617.0701 Meetings of members, generally; failure to hold annual meeting; special meeting; consent to corporate actions without meetings; waiver of notice of meetings.--
(1) The frequency of all meetings of members, the time and manner of notice of such meetings, the conduct and adjournment of such meetings, the determination of members entitled to notice or to vote at such meetings, and the number or voting power of members necessary to constitute a quorum, shall be determined by or in accordance with the articles of incorporation or the bylaws.
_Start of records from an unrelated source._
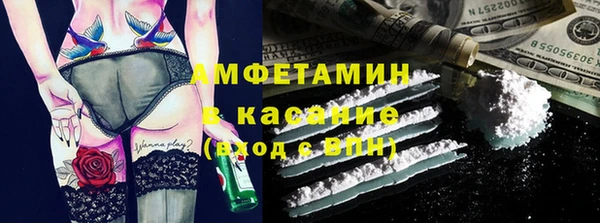 прущие грибы Ростов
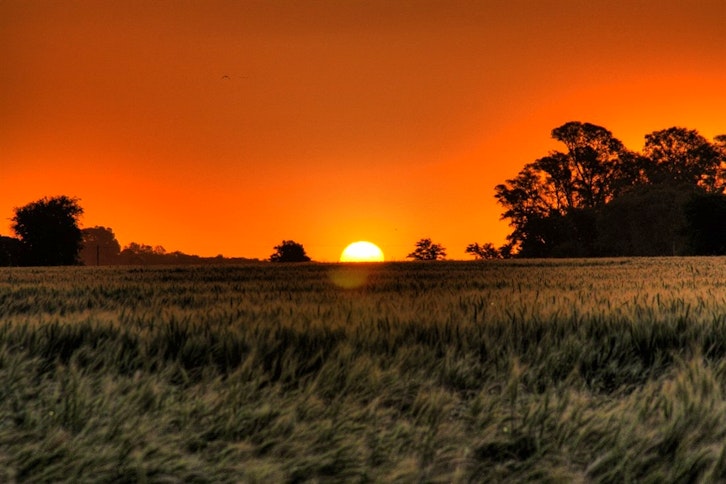 Estancia El Ombú 10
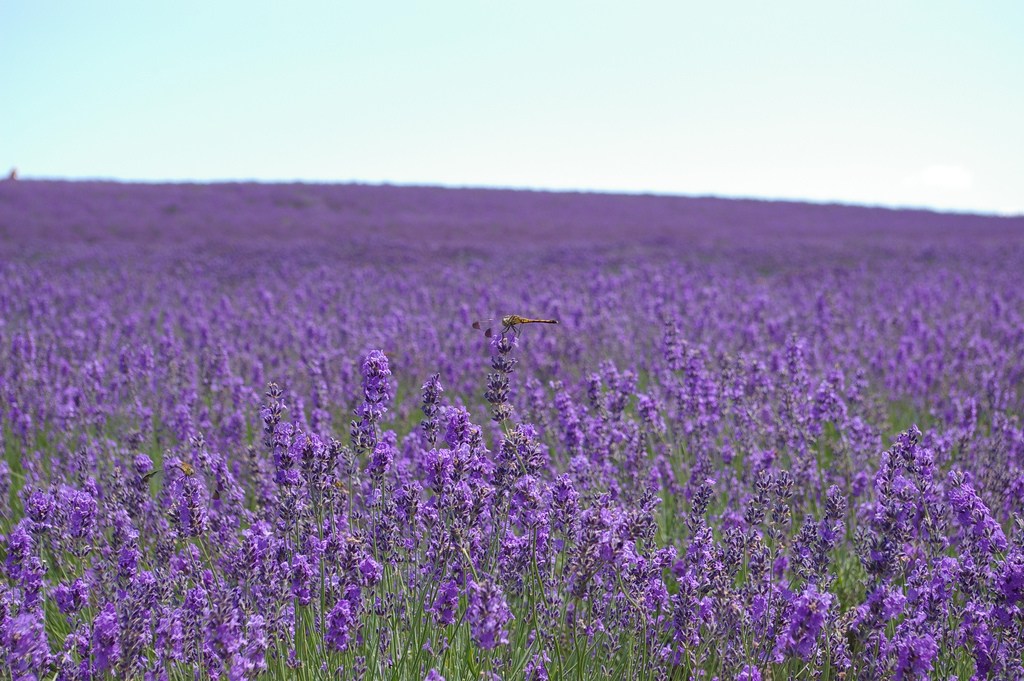 hoa lavender đà lạt tháng 5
The place and time of all meetings may be determined by the board of directors.
(2) Failure to hold an annual meeting does not cause a forfeiture or give cause for dissolution of the corporation, nor does such failure affect otherwise valid corporate acts, except as provided in s. 617.1430 in the case of a deadlock among the directors or the members.
(3) Special meetings of the members may be called by the president, the chair of the board of directors, the board of directors, or such other officers or persons as are provided for in the articles of incorporation or the bylaws.
(4)(a) Unless otherwise provided in the articles of incorporation, action required or permitted by this act to be taken at an annual or special meeting of members may be taken without a meeting, without prior notice, and without a vote if the action is taken by the members entitled to vote on such action and having not less than the minimum number of votes necessary to authorize such action at a meeting at which all members entitled to vote on such action were present and voted. In order to be effective, the action must be evidenced by one or more written consents describing the action taken, dated and signed by approving members having the requisite number of votes and entitled to vote on such action, and delivered to the corporation by delivery to its principal office in this state, its principal place of business, the corporate secretary, or another officer or agent of the corporation having custody of the book in which proceedings of meetings of members are recorded. Written consent shall not be effective to take the corporate action referred to in the consent unless the consent is signed by members having the requisite number of votes necessary to authorize the action within 60 days of the date of the earliest dated consent and is delivered in the manner required by this section.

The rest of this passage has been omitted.